口座選びでよく寄せられる疑問を、公式情報の範囲で簡潔にまとめました。公式で最新のスプレッド・推奨証拠金・通貨ペア(参考)を確認したうえで、あなたの資金に合うほうを選んでください。次のよくある質問も、最終判断の前に目を通しておくと迷いが減ります。

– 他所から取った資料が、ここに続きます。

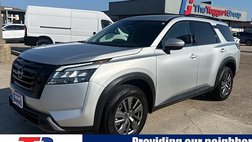 2023 Nissan Pathfinder SV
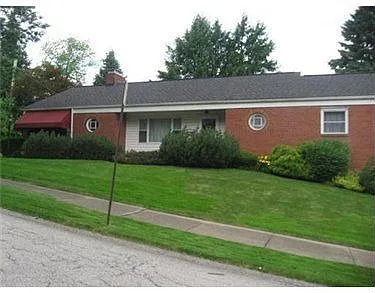 100 Evernia Dr photo 1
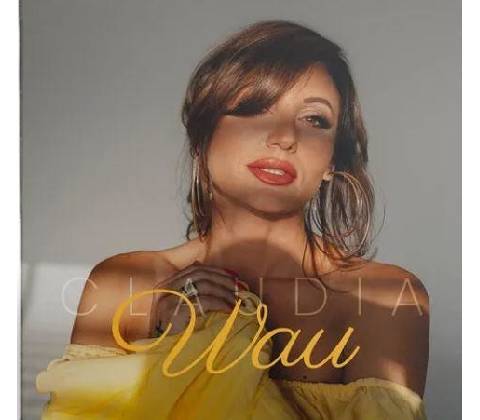 Claudia • Wau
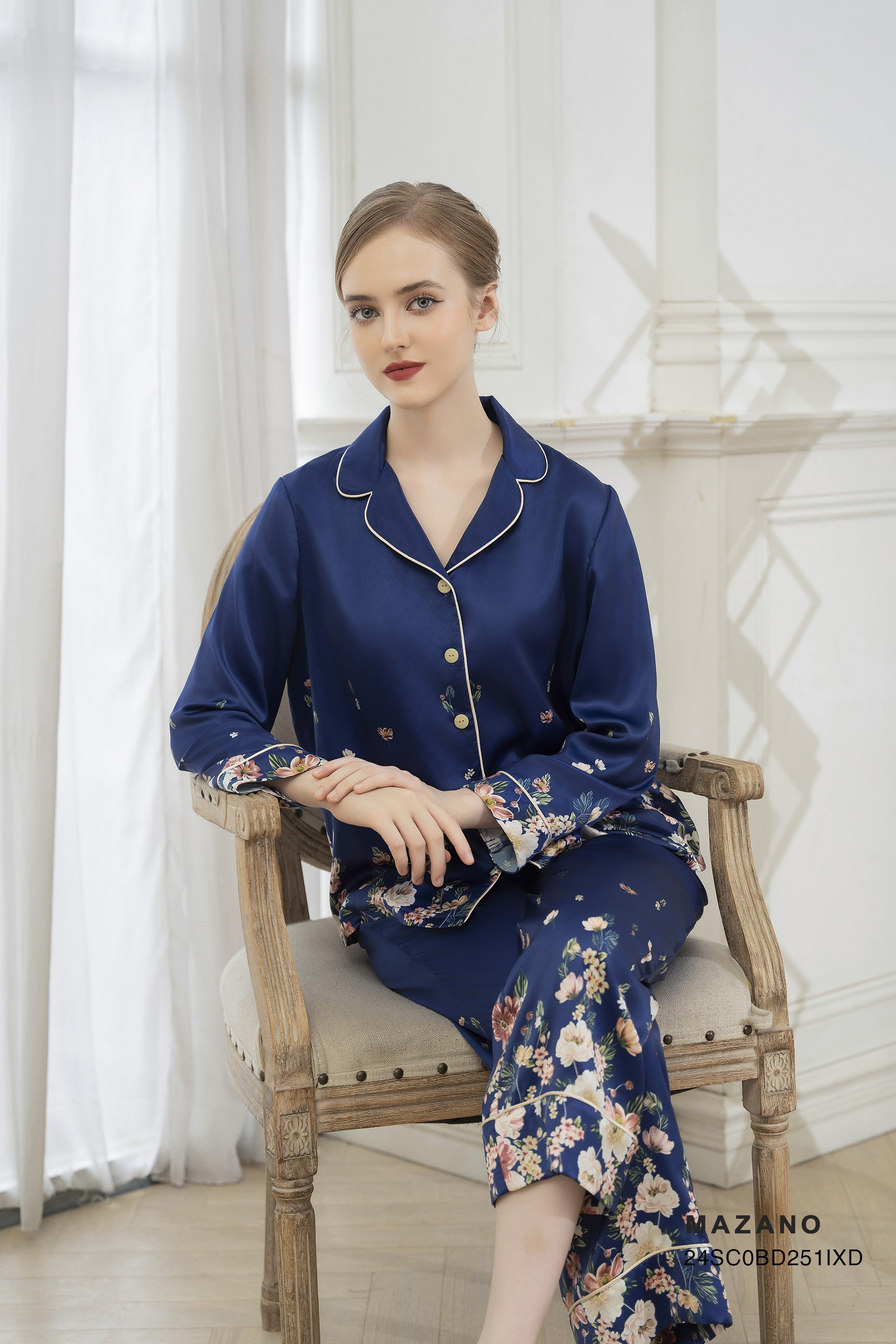 Bộ mặc nhà suông Vải lụa   Họa tiết in hoa bố cục  Cổ bẻ ve Tay dài Dài quần tới mắt cá chân_thumbnail_4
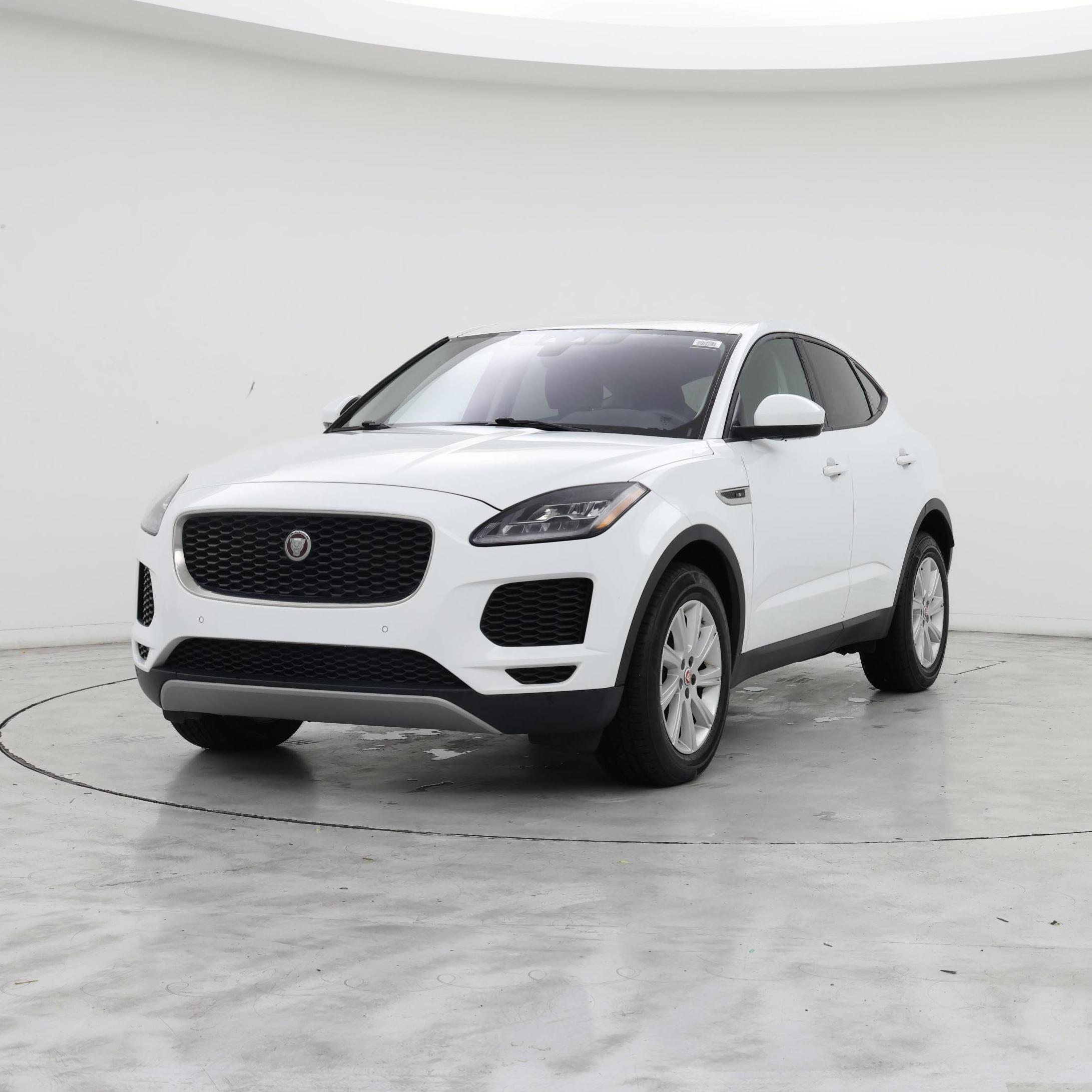 Thumbnail: 2018 Jaguar E-Pace - 4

Q. トラリピとトライオートFXはどちらが手数料が安いですか?

取引手数料はどちらも0円なので、手数料での差はありません。ただし実質コストはスプレッドで発生し、トライオートFXは自動売買とマニュアルでスプレッドが異なると公式に明記されています。最新のスプレッドは公式ページで確認してから比較してください。

Q. 違いを一言でいうと何ですか?

運用思想が違います。トラリピはレンジを予想して新規と決済セットの注文を自分で複数並べる設計型、トライオートFXはプロのルールを選ぶセレクトと自分で作るビルダーの2導線を持つ選択+カスタム型です。自分で設計したいか、選んで始めたいかが分かれ目になります。

Q. ロスカットの基準は同じですか?

水準は近いですが判定指標が異なります。トラリピは証拠金維持率100%未満、トライオートFXは有効比率100%以下でロスカットされます。いずれも急変時には証拠金以上の損失が発生する場合があるため、余裕を持った資金で運用することが大切です。

Q. 少額でも始められますか?

どちらも原則1,000通貨単位から取引できますが、トラリピの一部3通貨ペアやトライオートFXの南アランド/円・ノルウェークローネ/スウェーデンクローナは10,000通貨単位が必要です。トライオートFXは各ルールに推奨証拠金が掲載されているので、それを目安に資金を準備してください。

Q. 通貨ペアの数はどちらが多いですか?

取扱通貨ペアはトライオートFXが23通貨ペア、トラリピが18通貨ペアです。数が多いほど選択肢は広がりますが、多ければ優れているわけではなく、運用したい通貨ペアが含まれているかで判断するのが現実的です。